These results showed that in ET patients DBS reduced tremor power across all measured effectors and tasks in both 4-8 Hz and 8-12 Hz frequency bands, as well as tremor amplitude. There was no significant difference in the magnitude of tremor reduction between sensors or across tasks at either 4-8 Hz or 8-12 Hz, nor for tremor amplitude. TETRAS score was not a significant covariate in the models assessing tremor power or amplitude, indicating that these effects of DBS are not dependent on disease severity. This finding provides new systematic quantitative evidence of DBS tremor reduction in ET for affected areas beyond the upper-limbs, including lower-limbs, and head and chin. This finding was consistent with our hypothesis that DBS would affect tremor across multiple effectors throughout the body. A previous study of functional connectivity showed that a unilateral VIM seed showed significant functional connectivity to upper-limb, lower-limb, and head regions of primary motor cortex in both ET patients and HC subjects (Fang et al., 2016). The behavioral effects of such widespread VIM thalamus connectivity to the primary motor cortex are consistent with and provide a plausible mechanism for the results observed in this study.
One possibility is that there was coupling of tremor across the measured effectors. In order to investigate whether there was coupling of tremor across effectors, we quantified cross-correlations and coherence across pairs of sensors: (1) Left hand – Head, (2) Right hand – Head, (3) Left hand – Left leg, (4) Right hand – Right leg, (5) Head – Chin. At the individual subject level, we cross-correlated the accelerometer signal at a 0-millisecond lag, as well as the largest magnitude correlation within a −100 to +100 millisecond window. Means were calculated for DBS on/off and HC groups. We observed no significant differences in ET participants with DBS-Off compared to DBS-On, nor between ET participants with DBS-Off or DBS-On compared to HC, for any of the cross-correlations. The largest R value among these cross-correlations was .14 and the smallest was .0002.

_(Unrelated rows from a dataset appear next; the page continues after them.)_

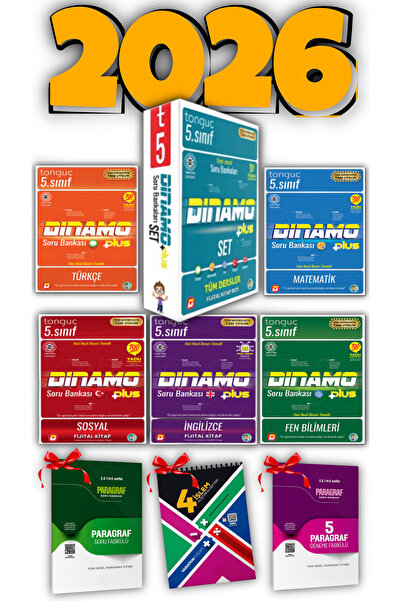 Tonguç Yayınları Tonguç Yayınları 5.sınıf Tüm Dersler Dinamo Soru Bankasi Set...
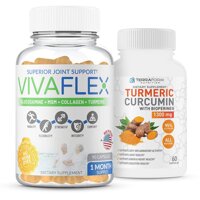 Terraform Nutrition Joint Pain Relief Combo Pack – Vivaflex Plus Turmeric Curcumin – Best Joint Supplements to Help Ease Joint Discomfort & Promote...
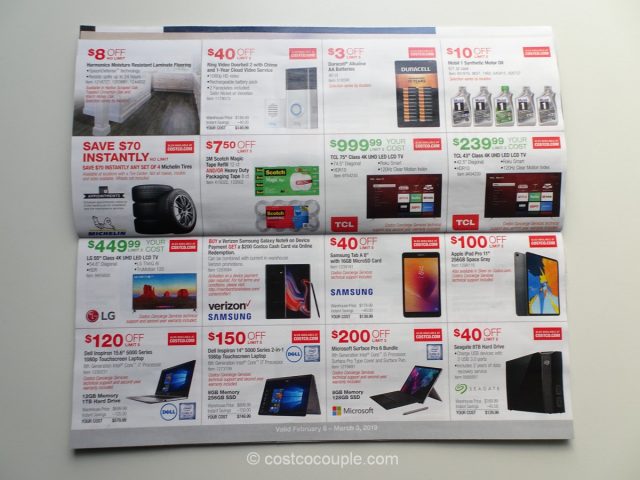 Costco February 2019 Coupon Book 02/06/19 to 03/03/19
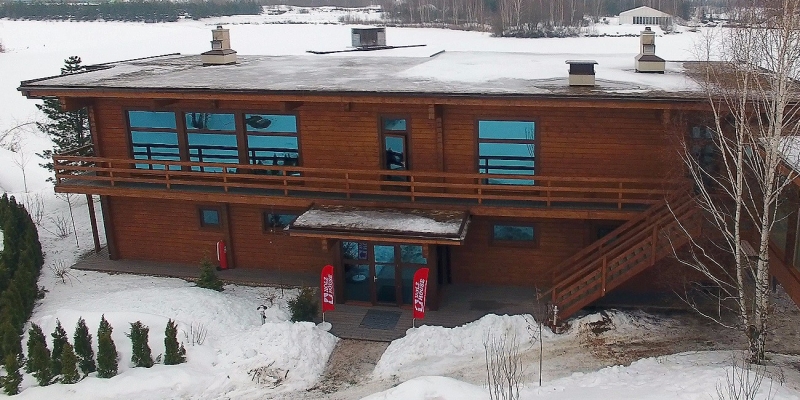 Построенные объекты Объект из клееного бруса Лисья нора Holz House 4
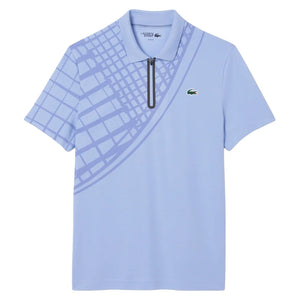 Men`s On Court Players Tennis Polo Delphinium Apparel Lacoste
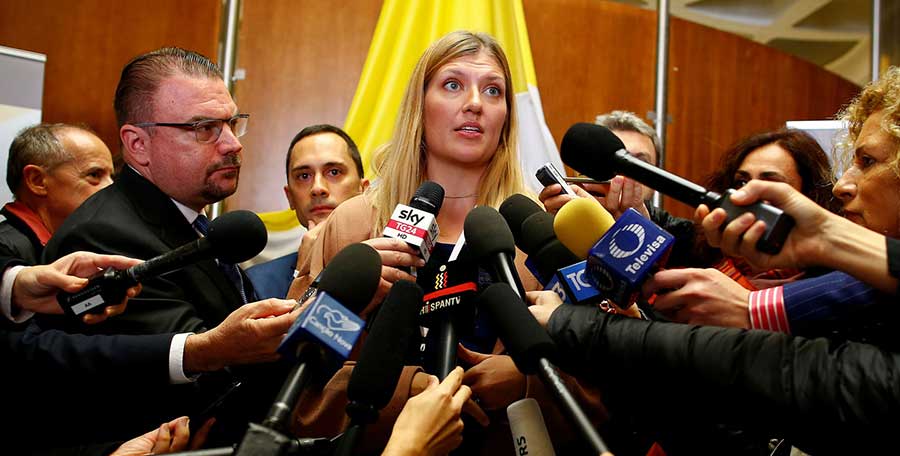 Beatrice Fihn, executive director of the International Campaign to Abolish Nuclear Weapons (ICAN), who was awarded the 2017 Nobel Peace Prize. (Reuters / Tony Gentile)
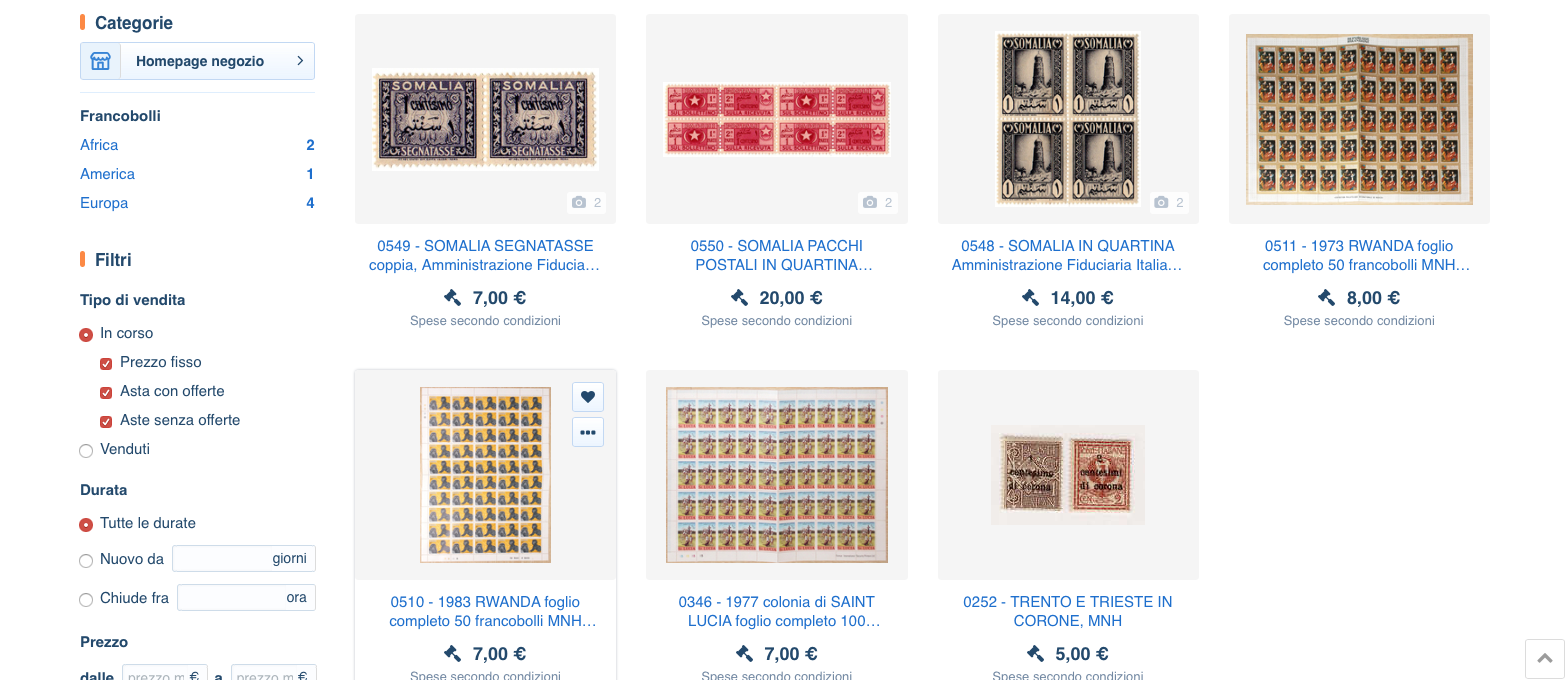 Tutti possono effettuare la messa in vendita sui marketplace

For coherence, we observed no differences between HC subjects and ET subjects on or off DBS, for any of the sensor pairs during any of the three tasks. There were no differences in coherence between DBS-Off and DBS-On trials within ET patients, for any of the sensor pairs during any of the three tasks. This was the case for both the average coherence across 4-12 Hz, as well as coherence at peak tremor frequency. The Head – Chin sensor pair was included as a reference point for other sensor pairs, as sensors placed on different segments of the same body part would be expected to have a higher degree of coherence than those on separate limbs (Ben-Pazi et al., 2001). Indeed, the coherence of the Head – Chin sensor pair was always higher than the other sensor pairs, and was the only one which exceeded the 95% significance threshold. It is unclear whether the degree of coherence observed here was mediated by mechanisms in the central nervous system or mechanical coupling of tremor across effectors in the periphery. We did not perform experiments with mechanical dampening of effectors, and thus we cannot conclusively eliminate the possibility of mechanical transmission of tremor across effectors.
Previous quantitative studies regarding the effects of DBS have focused on the upper-limbs (Milosevic et al., 2018; Shah et al., 2017; Wastensson et al., 2013), often in an intraoperative setting. It has been proposed, however, that lower-limb abnormalities such as gait disturbance should be included as part of the features indicating advanced disease progression in ET (Stolze et al., 2001). There is also evidence that DBS can help to normalize abnormalities in gait kinematics in ET patients with long disease duration (Fasano et al., 2012). Our findings extend the lower-limb benefits of DBS beyond gait and show that DBS also improves lower-limb tremor in seated postural and standing postural body positions.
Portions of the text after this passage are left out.